The Science, Changing Weather Challenges Behind Duluth’s Snow Plowing Operations
DULUTH, Minn. — Winter isn’t giving up just yet with impressive snow totals over the weekend. And for Duluth plow crews, that’s meant 16-hour shifts since Saturday working through thousands of intersections, and thousands of miles of roadways. All of this, as a potential second storm in a week is eying the Northland in just days.
It’s no secret, frustrations around snow removal in the city of Duluth avalanched early this season in December when two liquid-soaked storm systems dumped more than two feet of snow within a week of each other.
Citizen complaints mounted and so did the snow as plows moved in.
FOX 21’s Dan Hanger talked with Geoff Vukelich, the man responsible for strategizing and executing Duluth’s 27-mile-long plowing operations, about the science behind snow removal in an area he calls one of the most challenging landscapes in the country. Plus, Vukelich talks about how changing weather patterns are not helping.
“We’re having whiplash effects. That’s a climatology term meaning higher highs and lower lows together. We don’t have a nice easy ocean anymore. It’s very peaky,” Vukelich said, Duluth’s street maintenance operations coordinator.
Duluth’s winter storms are becoming increasingly challenging for the city’s plow drivers.
“The climate has changed. Even in the 15 years that I’ve been here, you talk to senior operators who’ve been here for 30 years — It’s just magnified,” Vukelich.
Vukelich says our winters are getting warmer, storms are getting wetter and systems are often arriving closer together.
“I have 46 pieces of equipment, but if I have heavy wet snow, I only have 22. Keep in mind this is still the largest greater fleet in Northern Minnesota,” Vulkelich said.
Vulkelich only has 22 graders during a wet snow event because he says the plows aren’t powerful enough to handle brick-wall-like snow, along with the challenges of navigating through Duluth’s unique neighborhoods, tight layout and steep hills.
“A lot of our streets were constructed in the 20s, 30s and 40s,” Vulkelich explained. “These machines you see behind us — the board underneath is 12 feet. The machine itself is 10. 5 feet wide. A lot of the infrastructure you see in Lincoln park, East Hillside, Central Hillside, they’re a 20-foot wide road, so we’re already taking over half of the road, now you put a snowbank on one side that comes off the curb about a foot, so we only got 9 feet to put a 10.5 or 11-foot machine down, we’re going to struggle,” Vulkelich said.
And that struggle often means the snow will end up back on sidewalks and driveways.

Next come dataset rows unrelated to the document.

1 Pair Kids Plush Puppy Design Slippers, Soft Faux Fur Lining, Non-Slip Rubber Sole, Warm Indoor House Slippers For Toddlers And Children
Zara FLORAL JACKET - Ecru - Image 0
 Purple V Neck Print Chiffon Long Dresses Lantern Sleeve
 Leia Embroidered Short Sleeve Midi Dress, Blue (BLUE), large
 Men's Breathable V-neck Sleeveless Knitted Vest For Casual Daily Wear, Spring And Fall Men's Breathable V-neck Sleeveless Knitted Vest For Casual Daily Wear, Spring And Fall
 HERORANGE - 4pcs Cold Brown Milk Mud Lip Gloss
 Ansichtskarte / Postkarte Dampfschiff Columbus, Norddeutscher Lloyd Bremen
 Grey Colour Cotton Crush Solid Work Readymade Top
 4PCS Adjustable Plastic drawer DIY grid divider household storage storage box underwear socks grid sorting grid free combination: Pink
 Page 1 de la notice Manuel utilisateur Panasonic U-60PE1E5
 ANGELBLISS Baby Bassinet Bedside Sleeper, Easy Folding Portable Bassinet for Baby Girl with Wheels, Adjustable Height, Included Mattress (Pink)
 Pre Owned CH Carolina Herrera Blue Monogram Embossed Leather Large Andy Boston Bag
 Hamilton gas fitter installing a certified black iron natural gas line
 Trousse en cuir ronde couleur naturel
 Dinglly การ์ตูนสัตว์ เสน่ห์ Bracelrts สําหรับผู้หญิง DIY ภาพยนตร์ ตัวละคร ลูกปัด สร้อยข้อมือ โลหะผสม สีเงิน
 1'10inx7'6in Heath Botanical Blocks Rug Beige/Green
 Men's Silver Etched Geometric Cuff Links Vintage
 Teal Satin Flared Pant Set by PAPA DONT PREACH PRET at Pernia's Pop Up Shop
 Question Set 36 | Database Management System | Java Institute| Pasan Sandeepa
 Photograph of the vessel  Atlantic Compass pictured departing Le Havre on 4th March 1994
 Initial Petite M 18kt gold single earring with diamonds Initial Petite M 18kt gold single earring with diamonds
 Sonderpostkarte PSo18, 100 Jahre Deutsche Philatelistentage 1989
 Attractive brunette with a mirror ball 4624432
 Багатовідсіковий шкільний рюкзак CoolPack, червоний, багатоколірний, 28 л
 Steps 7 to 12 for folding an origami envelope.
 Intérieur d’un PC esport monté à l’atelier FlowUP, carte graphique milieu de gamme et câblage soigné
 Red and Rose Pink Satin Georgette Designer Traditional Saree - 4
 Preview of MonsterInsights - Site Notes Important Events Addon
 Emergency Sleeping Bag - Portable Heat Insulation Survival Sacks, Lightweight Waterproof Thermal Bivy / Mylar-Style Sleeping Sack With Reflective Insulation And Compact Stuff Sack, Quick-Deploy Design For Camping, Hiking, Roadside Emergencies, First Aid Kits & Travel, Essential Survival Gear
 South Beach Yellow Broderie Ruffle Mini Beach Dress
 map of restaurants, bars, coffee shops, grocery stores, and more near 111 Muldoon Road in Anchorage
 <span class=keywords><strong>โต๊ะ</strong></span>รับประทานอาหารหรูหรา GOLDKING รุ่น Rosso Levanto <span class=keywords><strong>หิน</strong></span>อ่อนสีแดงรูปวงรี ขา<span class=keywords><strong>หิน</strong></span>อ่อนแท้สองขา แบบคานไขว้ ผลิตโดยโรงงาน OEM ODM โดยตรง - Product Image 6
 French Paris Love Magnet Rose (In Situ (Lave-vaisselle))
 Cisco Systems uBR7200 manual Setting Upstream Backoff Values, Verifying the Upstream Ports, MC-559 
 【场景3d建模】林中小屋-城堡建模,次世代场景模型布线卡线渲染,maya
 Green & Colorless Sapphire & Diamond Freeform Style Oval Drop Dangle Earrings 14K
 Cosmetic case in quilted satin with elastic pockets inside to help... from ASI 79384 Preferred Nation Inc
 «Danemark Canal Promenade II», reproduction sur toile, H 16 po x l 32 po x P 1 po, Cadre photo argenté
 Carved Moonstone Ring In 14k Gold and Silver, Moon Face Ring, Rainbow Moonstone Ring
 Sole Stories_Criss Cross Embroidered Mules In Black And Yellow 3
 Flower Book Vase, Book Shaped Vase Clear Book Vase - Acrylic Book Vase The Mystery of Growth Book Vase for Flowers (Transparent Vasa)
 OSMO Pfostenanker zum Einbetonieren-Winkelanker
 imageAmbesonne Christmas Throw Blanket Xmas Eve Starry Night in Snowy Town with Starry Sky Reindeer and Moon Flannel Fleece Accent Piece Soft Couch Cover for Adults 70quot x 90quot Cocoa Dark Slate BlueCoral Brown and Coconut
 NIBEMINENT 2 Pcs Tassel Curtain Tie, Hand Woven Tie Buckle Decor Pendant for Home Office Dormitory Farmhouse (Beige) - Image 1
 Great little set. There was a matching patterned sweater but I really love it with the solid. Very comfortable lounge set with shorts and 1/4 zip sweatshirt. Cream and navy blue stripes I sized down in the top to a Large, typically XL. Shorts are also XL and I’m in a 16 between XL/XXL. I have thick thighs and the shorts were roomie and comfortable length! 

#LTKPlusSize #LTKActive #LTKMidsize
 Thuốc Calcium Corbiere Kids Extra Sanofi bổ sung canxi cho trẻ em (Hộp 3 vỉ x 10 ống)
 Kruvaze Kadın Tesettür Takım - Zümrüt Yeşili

“We don’t like to fill sidewalks, we don’t want to fill your driveways in, but it’s a physics and math problem. It’s got to go somewhere,” Vulkelich said. “People are frustrated. I get it. I’ve had to shovel my driveway way too much already. But that’s also why we live here, because we like the winters.”
Vukelich says planning for winter is a year-long job — always refining and looking for ways to improve. He says he’s proud of his 35 plow drivers, calling their response this season efficient and effective, given the resources available for a city its size.
“I hope they realize when it snows on average, I’d call a 4-inch snowfall average, we have everything plowed out in 24 hours. Places like Minneapolis, St. Paul, they struggle for 2 or 3 days with 6 inches of snow. We did 26 inches of snow in three days.
But that said, Vukelich says if residents want a faster response time, there’s no quick fix. It comes down to budgets and dollars available at City Hall.
“When people say you have the money, you have the resource — each piece of equipment behind us sells for right around 300 to 350 thousand dollars. Every plow truck we have sells for roughly a half-million dollars now,” Vukelich said.
“Our staff in the early or late 90s, early 2000s was 54. And at one point 64 employees. Right now we’re currently at 35. So, we have lost employees over the years. We do have an aging fleet. You see this widely across municipalities. So, could we use help? 110 percent. I think a lot of people could use help,” Vukelich said.
As for those snow mounds and some parts of the city feeling neglected, Vukelich says there’s no reasonable staffing level to handle every mound of snow on every corner.
“It’s such a dynamic issue, but you can’t say I’m going to go fix that snow bank or I’m going to go over there and take care of that, because we have to have a plan, otherwise it gets to be very reactionary. And when we are reactionary, we lose efficiently,” Vukelich said.
There’s a strategic process that starts from clearing emergency routes first before residential and alleys. And if a second storm moves in before that process is complete, it stops and starts all over again.
“So unfortunately somebody is going to be first and somebody’s going to be last. We haven’t forgotten about the last person. You are just as important. But from an efficiency standard and from a public safety standard, we have to work through that process,” Vukelich said.
Another point Vukelich wanted to make involves 911 calls. He says if your street isn’t plowed and you need an ambulance, the city responders coordinate with the plows to lead the way into a neighborhood so no 911 calls are compromised.
And by the way, the 35 plow drivers are the same crew members who fill all those potholes when snow isn’t falling.